Something that came through in that initial The Beatles: Get Back trailer is a proliferation of humor by the band. They’re surprisingly self-deprecating and are, in hindsight, a group of mates who have spent countless hours together for over a decade. So, their comedic camaraderie should hardly be shocking. Yet, the narrative had been established that by the end of the entity that was The Beatles, they could not get along in the least. Over the six-plus hours of Jackson’s documentary, the viewer is treated to a band that keenly knows and wields its power. They are also painfully aware that this is the end of the long and winding road.

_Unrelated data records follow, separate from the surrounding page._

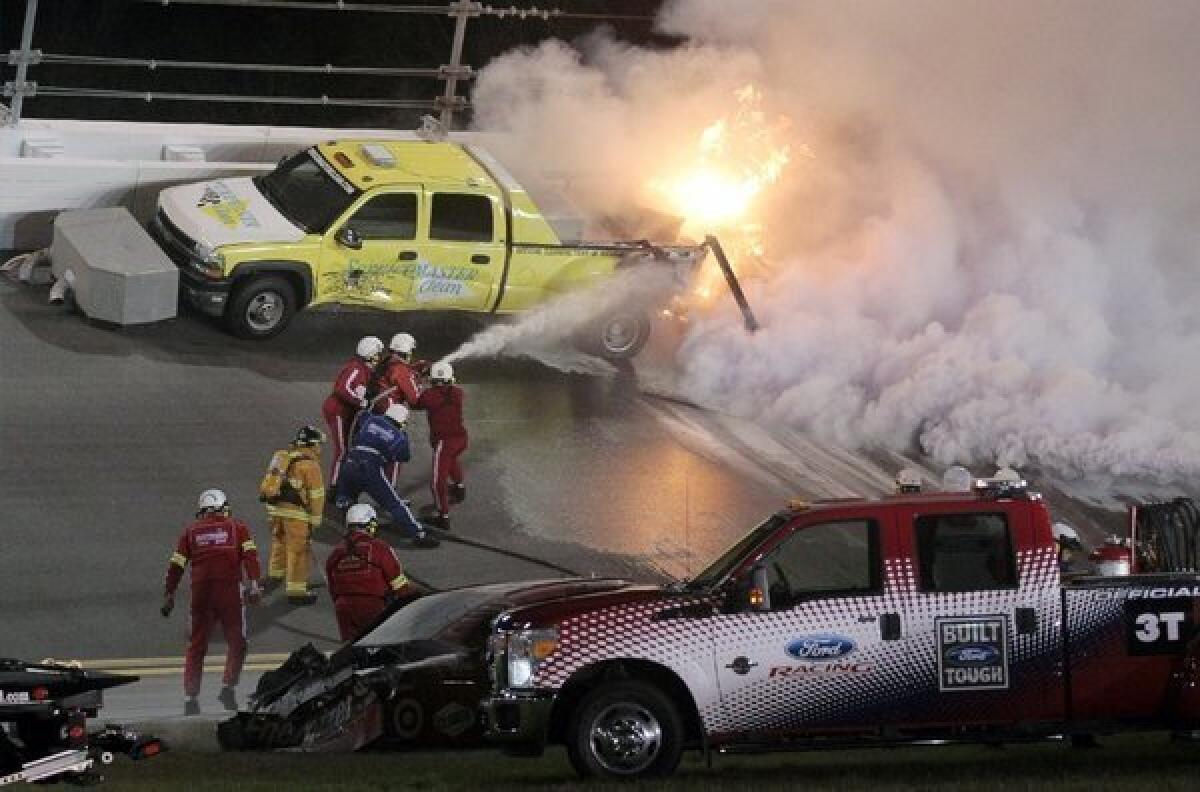 Emergency workers extinguish a fire burning a jet dryer during the NASCAR Daytona 500 on May 27. Juan Pablo Montoya's car struck the dryer during a caution flag, starting the fire, after something on the car broke. Matt Kenseth won the race.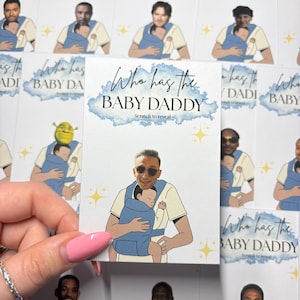 May include: Cards with illustrations of men holding babies in carriers. The text "Who has the BABY DADDY" is displayed on the cards. The cards have a scratch-to-reveal feature. The cards are white with blue and gold accents.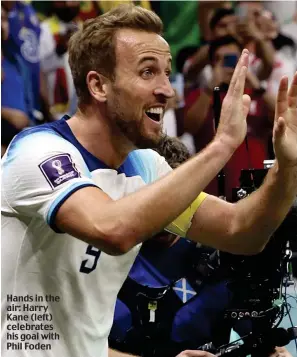  ?? ?? Hands in the air: Harry Kane (left) celebrates his goal with Phil Foden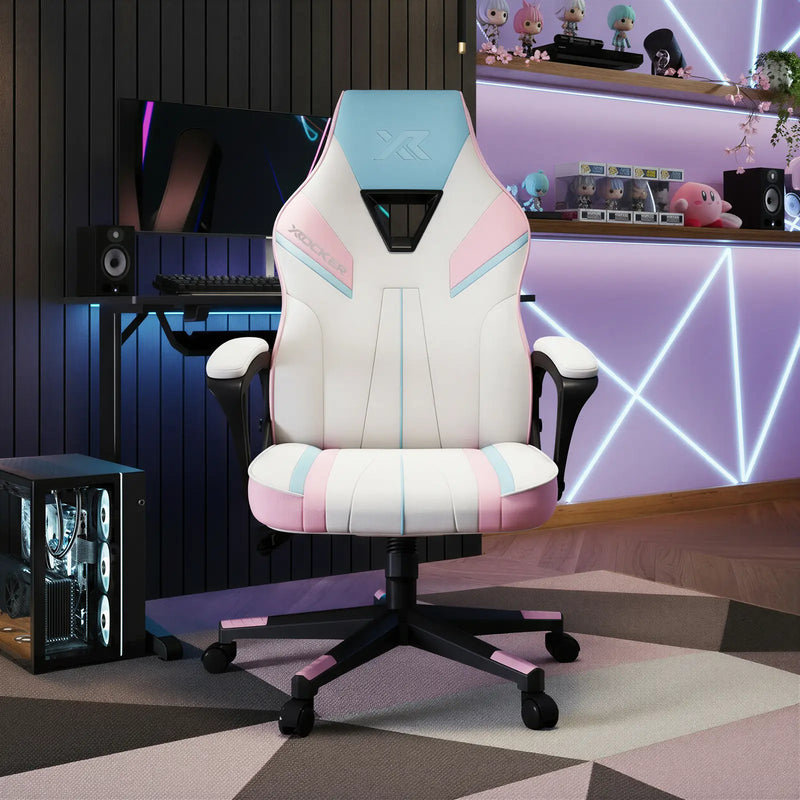 Gaming chair with pink and blue accents in a room with neon lights and toys.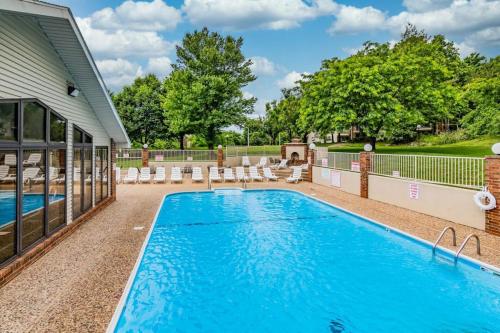 a swimming pool with chairs and a house at Thousand Hills - Family Getaway in Branson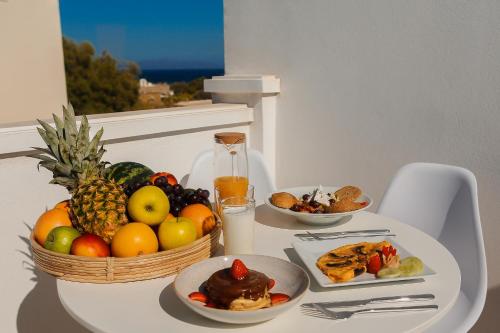 a table with plates of fruit and a basket of food at The Z Private Villa, Santorini in Monolithos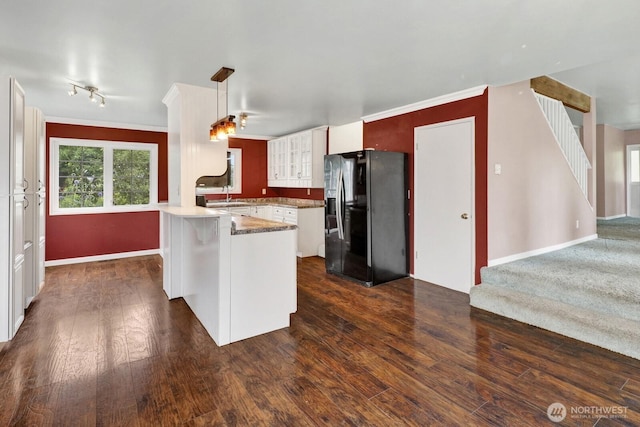 8597 Harborview Rd, Blaine, WA 98230 - kitchen with black fridge with ice dispenser, a peninsula, dark wood-type flooring, light countertops, and hanging light fixtures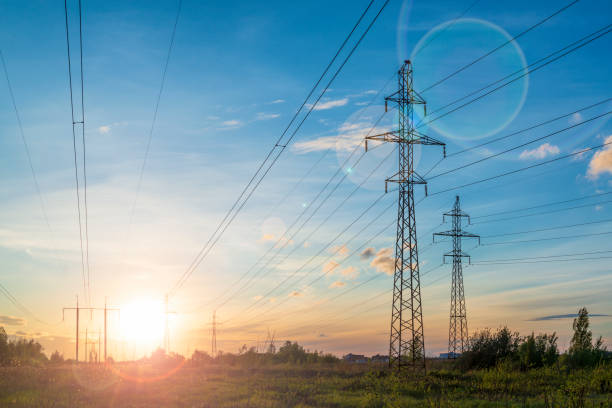 istock Multiple power lines at the sunset with sun flare. Energy distribution and environment 1249974890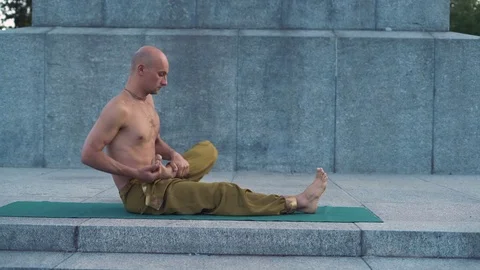 Yogi with Naked Torso Performs Asanas of Yoga on the Rug in City Park at Dawn Stock Footage 85329660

A majority of the unexpected blissfulness arrives in the form of literally hours of footage of the band just sitting around as a quartet of old mates, musicians sharing a collective appreciation for one another, and some jam sessions that are epic. Many results in songs we know and love, others descend into pure silliness, done for the purest of joy that is their shared passion for the entity of music.
Also, Lennon is a cad! Longtime fans can probably inform that this writer might seem to have just awoken from a long nap that included missing that part of the majesty that is John Lennon. In all seriousness, the musical mastermind is a hilarious, spontaneous person who spends much of that waiting to record time being the biggest comedic surprise of the entire endeavor. We all know his serious persona and his role in the anti-war movement, but Jackson’s Get Back gives us some sides of Lennon that are supremely goofy and downright silly.
A multitude of the happiest sounds made throughout the entire series is the result of Lennon cracking himself up. There is a pureness to his laughter that reflects a gentleman whose loss to an assassin’s bullet on December 8 of 1980 still cripples us with “what if.”
Much has been made of Harrison leaving the band in the middle of these recordings. Without giving anything away, let’s just say the way that Jackson handles the moments gracefully. They do add up to rock and roll’s finest concluding that they were nearing the time to bow out and Jackson frames it simply… four grown men being honest with one another about things both big and small.
Yet even though the conclusion is pre-written, there is an air of magic to these Fab Four and their musical mastery that continually wins the day. One is constantly left with a sense of Beatles-led optimism. You know the one, a landscape that gifted us Let It Be and All You Need is Love—to name two of too many instant classics.